%%

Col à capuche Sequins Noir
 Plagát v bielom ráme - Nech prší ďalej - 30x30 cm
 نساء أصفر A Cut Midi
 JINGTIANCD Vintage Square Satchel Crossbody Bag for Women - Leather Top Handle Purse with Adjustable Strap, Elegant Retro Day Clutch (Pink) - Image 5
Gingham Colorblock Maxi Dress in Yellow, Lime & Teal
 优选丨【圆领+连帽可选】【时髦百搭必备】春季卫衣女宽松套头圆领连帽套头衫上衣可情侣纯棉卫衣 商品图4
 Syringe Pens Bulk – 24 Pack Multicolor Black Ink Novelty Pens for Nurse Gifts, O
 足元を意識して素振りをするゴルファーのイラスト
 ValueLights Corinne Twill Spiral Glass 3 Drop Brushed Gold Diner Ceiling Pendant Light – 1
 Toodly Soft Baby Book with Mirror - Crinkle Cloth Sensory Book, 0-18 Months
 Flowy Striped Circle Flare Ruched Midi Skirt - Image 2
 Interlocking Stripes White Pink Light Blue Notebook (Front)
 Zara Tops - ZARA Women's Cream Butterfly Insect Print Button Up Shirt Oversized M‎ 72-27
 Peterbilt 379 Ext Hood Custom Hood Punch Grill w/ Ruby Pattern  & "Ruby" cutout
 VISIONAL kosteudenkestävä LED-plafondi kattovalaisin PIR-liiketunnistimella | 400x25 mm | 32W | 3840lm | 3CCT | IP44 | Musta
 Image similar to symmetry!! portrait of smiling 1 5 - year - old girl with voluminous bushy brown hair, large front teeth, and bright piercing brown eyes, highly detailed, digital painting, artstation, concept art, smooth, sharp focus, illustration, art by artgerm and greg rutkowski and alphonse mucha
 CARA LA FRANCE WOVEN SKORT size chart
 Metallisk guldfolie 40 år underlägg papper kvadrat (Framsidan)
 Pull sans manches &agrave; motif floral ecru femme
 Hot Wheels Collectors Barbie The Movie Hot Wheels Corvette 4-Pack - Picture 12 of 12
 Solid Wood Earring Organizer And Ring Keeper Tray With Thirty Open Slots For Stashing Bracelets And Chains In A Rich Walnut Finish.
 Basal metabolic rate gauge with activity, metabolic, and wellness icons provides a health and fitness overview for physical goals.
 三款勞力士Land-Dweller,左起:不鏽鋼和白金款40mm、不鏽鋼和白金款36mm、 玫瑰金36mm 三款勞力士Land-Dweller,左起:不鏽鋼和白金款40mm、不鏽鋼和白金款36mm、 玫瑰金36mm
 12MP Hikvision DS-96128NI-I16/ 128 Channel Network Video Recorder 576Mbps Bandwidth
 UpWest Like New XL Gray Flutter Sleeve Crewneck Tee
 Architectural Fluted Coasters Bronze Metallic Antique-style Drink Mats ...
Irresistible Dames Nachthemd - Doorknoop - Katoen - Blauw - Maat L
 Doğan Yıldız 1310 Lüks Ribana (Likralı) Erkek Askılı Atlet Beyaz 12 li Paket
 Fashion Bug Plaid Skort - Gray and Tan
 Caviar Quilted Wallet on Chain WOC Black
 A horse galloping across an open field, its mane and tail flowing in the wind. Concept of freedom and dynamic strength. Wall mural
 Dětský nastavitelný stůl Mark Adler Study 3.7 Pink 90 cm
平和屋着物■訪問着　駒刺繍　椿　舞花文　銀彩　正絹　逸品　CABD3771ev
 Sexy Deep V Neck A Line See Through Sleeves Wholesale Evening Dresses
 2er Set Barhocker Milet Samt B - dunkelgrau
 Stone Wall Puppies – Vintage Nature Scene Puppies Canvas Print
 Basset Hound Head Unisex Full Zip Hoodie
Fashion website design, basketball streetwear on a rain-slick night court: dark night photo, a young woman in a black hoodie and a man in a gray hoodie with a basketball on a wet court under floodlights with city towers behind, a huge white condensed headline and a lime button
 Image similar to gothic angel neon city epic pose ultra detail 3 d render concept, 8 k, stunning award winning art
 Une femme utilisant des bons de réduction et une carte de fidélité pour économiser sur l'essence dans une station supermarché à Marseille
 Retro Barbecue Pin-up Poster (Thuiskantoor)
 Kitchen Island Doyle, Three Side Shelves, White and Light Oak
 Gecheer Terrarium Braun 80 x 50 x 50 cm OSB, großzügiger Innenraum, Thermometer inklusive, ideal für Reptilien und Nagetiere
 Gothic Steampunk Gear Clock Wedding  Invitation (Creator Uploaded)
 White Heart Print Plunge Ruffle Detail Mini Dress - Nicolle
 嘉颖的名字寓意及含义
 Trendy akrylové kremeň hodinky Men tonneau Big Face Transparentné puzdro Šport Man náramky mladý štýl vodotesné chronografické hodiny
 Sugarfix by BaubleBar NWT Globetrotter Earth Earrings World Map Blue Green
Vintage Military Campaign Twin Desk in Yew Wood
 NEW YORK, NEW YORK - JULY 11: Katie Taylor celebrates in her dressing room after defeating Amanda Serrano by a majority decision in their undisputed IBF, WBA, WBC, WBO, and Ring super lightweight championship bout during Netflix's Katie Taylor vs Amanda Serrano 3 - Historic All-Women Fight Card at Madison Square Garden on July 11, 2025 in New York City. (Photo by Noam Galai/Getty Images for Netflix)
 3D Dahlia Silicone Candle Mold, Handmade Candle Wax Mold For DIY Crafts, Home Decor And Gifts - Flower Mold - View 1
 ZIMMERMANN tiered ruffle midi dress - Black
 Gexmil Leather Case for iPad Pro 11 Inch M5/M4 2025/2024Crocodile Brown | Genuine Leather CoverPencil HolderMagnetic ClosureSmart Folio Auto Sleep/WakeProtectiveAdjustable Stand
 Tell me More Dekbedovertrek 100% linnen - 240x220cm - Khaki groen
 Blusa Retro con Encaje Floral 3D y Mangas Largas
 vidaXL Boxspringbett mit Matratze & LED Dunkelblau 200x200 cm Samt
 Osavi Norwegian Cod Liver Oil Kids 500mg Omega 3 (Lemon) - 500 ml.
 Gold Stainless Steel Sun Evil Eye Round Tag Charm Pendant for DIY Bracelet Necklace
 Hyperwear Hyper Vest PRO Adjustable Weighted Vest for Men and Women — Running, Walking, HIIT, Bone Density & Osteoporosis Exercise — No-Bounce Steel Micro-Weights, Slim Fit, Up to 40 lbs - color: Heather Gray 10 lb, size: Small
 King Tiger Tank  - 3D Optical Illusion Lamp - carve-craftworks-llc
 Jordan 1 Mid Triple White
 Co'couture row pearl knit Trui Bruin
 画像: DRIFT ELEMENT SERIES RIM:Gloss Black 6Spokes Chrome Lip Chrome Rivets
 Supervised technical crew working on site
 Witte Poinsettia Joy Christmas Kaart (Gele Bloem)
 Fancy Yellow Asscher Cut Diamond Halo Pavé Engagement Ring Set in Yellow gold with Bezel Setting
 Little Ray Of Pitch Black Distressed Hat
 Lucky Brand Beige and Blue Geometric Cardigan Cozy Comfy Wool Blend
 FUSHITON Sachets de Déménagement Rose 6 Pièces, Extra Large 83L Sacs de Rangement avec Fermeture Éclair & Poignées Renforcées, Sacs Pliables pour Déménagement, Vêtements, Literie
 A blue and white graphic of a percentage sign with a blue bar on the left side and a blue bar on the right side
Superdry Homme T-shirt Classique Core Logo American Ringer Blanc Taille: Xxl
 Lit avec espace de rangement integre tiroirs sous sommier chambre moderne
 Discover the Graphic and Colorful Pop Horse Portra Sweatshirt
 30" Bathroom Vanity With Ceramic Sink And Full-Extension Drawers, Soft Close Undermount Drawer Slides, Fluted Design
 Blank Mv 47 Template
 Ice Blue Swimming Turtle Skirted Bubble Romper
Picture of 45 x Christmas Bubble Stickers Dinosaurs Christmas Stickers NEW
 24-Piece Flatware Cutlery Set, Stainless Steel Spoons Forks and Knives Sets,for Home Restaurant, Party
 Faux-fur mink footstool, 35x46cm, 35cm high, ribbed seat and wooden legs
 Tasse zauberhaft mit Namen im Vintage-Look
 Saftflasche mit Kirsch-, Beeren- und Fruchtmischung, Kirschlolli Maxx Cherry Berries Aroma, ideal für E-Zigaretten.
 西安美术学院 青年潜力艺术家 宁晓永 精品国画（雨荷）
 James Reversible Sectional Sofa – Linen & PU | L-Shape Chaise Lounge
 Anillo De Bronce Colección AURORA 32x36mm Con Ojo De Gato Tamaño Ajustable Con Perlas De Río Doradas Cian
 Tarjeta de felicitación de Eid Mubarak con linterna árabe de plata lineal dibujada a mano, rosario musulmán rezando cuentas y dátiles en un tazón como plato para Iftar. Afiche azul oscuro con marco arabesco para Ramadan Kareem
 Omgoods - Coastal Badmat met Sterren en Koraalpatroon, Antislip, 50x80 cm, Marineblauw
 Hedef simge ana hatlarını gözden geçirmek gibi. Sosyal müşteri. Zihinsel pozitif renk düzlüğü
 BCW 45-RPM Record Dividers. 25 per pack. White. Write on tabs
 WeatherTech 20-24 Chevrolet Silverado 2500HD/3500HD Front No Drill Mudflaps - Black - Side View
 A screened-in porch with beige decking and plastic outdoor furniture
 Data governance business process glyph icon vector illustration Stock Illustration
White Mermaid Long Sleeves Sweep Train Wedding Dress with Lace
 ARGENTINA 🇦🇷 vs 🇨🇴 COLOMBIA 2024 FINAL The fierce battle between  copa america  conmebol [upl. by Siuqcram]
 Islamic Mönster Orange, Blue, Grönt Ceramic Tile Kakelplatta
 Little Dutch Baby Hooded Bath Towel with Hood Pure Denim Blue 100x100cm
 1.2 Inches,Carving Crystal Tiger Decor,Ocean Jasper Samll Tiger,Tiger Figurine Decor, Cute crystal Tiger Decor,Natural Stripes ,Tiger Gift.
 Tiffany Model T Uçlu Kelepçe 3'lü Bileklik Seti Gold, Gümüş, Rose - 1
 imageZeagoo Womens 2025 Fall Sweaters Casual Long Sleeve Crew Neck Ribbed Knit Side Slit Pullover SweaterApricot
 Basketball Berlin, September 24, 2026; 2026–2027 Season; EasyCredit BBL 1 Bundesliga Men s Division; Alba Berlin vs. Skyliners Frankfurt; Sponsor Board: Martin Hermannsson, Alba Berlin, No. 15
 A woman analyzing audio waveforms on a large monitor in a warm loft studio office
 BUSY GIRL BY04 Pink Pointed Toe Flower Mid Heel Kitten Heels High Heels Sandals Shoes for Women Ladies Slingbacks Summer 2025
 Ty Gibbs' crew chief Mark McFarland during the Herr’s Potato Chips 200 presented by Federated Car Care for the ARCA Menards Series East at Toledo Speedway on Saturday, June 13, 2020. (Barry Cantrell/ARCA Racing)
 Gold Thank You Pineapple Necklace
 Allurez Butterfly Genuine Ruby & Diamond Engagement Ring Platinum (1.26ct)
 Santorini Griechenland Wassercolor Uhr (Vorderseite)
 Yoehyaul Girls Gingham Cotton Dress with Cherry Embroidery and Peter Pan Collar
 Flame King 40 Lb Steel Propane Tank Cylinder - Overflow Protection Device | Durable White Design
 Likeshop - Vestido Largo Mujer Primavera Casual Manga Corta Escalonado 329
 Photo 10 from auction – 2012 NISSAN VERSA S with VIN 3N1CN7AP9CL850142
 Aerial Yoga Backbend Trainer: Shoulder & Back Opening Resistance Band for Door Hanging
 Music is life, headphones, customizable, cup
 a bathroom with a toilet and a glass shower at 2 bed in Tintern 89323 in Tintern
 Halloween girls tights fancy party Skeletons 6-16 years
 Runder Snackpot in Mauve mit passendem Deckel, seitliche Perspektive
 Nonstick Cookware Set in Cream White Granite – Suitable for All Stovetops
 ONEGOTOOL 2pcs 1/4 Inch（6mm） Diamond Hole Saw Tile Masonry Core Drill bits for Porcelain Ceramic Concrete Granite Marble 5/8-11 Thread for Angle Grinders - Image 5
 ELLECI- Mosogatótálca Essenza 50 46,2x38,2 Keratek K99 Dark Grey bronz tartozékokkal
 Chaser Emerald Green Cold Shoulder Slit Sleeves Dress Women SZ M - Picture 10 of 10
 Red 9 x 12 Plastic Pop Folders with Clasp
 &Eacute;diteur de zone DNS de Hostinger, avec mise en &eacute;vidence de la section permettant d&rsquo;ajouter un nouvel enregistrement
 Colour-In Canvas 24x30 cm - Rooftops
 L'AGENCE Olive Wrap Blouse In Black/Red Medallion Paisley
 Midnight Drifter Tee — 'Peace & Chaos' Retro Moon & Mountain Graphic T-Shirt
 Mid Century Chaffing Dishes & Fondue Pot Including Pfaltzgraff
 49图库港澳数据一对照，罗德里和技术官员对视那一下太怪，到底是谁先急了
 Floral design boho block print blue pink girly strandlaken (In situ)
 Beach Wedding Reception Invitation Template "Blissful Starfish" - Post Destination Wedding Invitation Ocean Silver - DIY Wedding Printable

%%

Transcribe the records above from the line holding "Red 9 x 12 Plastic Pop Folders with Clasp" down to the line holding "Midnight Drifter Tee", inclusive, without adding anything.

> [RESPONSE]:
 Red 9 x 12 Plastic Pop Folders with Clasp
 &Eacute;diteur de zone DNS de Hostinger, avec mise en &eacute;vidence de la section permettant d&rsquo;ajouter un nouvel enregistrement
 Colour-In Canvas 24x30 cm - Rooftops
 L'AGENCE Olive Wrap Blouse In Black/Red Medallion Paisley
 Midnight Drifter Tee — 'Peace & Chaos' Retro Moon & Mountain Graphic T-Shirt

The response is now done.